My point is to align only when it makes sense, and aligning after PHDR does not.
How do you define what makes sense?
With use-old-text it's not so clear, so we can align in that case if you feel like it, but at least we shouldn't align after PHDR.
Why? Because PHDR is "small"?
And also it doesn't make sense to align to 2 MB in absence of hugify(because we won't get huge pages anyway), so i think we should act as if -no-huge-pages is true by default. What do you think?
I agree that it doesn't make sense to align at 2MB in the absence of hugify *and* --hot-text.
Internally, we use huge pages all the time, and at the time it was a sensible default choice. I agree that there's no need for 2MB alignment when huge pages are not used.

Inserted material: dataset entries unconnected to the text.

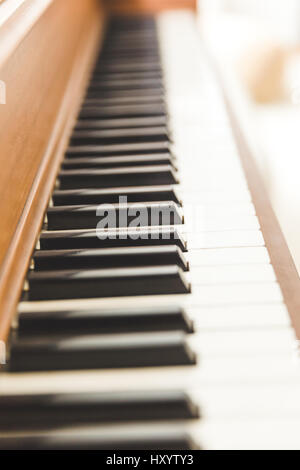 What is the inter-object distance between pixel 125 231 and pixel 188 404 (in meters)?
0.42

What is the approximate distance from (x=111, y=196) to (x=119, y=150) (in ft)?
0.78

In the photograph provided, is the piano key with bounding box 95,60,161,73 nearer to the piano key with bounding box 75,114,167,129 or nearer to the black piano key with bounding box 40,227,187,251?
the piano key with bounding box 75,114,167,129

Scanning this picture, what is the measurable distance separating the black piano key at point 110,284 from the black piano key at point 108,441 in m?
0.26

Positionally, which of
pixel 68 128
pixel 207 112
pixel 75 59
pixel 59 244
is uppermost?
pixel 75 59

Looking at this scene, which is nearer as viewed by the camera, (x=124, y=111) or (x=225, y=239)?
(x=225, y=239)

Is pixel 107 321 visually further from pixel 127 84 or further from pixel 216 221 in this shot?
pixel 127 84

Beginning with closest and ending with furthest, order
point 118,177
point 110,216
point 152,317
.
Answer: point 152,317 → point 110,216 → point 118,177

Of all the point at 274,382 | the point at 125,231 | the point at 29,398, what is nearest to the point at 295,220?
the point at 125,231

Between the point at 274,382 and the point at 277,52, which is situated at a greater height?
the point at 277,52

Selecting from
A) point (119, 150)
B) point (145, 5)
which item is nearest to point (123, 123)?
point (119, 150)

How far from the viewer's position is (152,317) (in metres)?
0.83

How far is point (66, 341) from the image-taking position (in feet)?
2.63

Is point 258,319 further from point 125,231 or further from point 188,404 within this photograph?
point 125,231

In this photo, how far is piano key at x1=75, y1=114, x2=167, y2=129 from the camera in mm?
1508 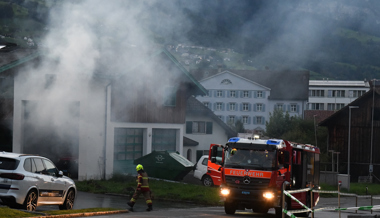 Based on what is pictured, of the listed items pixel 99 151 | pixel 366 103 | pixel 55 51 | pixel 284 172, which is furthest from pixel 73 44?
pixel 366 103

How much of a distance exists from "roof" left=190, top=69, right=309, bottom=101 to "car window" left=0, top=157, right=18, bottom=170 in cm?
9971

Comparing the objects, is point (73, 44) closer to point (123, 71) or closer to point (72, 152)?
point (123, 71)

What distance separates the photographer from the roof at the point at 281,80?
118m

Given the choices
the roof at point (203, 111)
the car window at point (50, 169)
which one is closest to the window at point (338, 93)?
A: the roof at point (203, 111)

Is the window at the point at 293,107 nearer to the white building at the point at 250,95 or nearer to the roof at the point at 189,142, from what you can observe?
the white building at the point at 250,95

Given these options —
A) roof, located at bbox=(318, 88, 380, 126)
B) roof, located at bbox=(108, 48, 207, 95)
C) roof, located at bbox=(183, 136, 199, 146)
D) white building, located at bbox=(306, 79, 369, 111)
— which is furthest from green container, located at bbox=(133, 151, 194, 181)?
white building, located at bbox=(306, 79, 369, 111)

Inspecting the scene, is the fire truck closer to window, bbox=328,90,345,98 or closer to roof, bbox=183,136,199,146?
roof, bbox=183,136,199,146

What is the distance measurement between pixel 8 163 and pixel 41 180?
1175 mm

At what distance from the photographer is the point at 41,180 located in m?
19.0

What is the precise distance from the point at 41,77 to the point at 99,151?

To be clear, when BOLT sees huge page symbols __hot_{start|end} on the input, it needs to use 2MB for code alignment. That's essentially the --hot-text option.
I applied the patch, and BOLTing helloworld, launching it from GDB and running cat /proc/PID/smaps | grep Huge or grep FilePmdMapped still doesn't show any non-zero values. I tried with /sys/kernel/mm/transparent_hugepage/enabled set to always and to madvise. I also tried processing redis-server, launching it and looking at it's mappings, and in that case i was able to find 6MB of HugePages, but it was mapped somewhere at 7ffff7400000-7ffff7c00000 which is definetely not .text section and looks like some internal anonymous mapping, and i am able to find it even if processing without the patch. If, however, i modify __bolt_hugify_self_impl to always call hugifyForOldKernel, i'm able to see HugePages for .text mapping both in helloworld and redis. All of the above was done on 5.10.0-1013-oem. But i also found that in kernel sources i linked above i missed a call to file_thp_enabled before check for anonymity. For this call to succeed, READ_ONLY_THP_FOR_FS config option must be enabled, and in our setup it is not set, so it's likely the cause of the issue. Can you check if it's enabled on your system?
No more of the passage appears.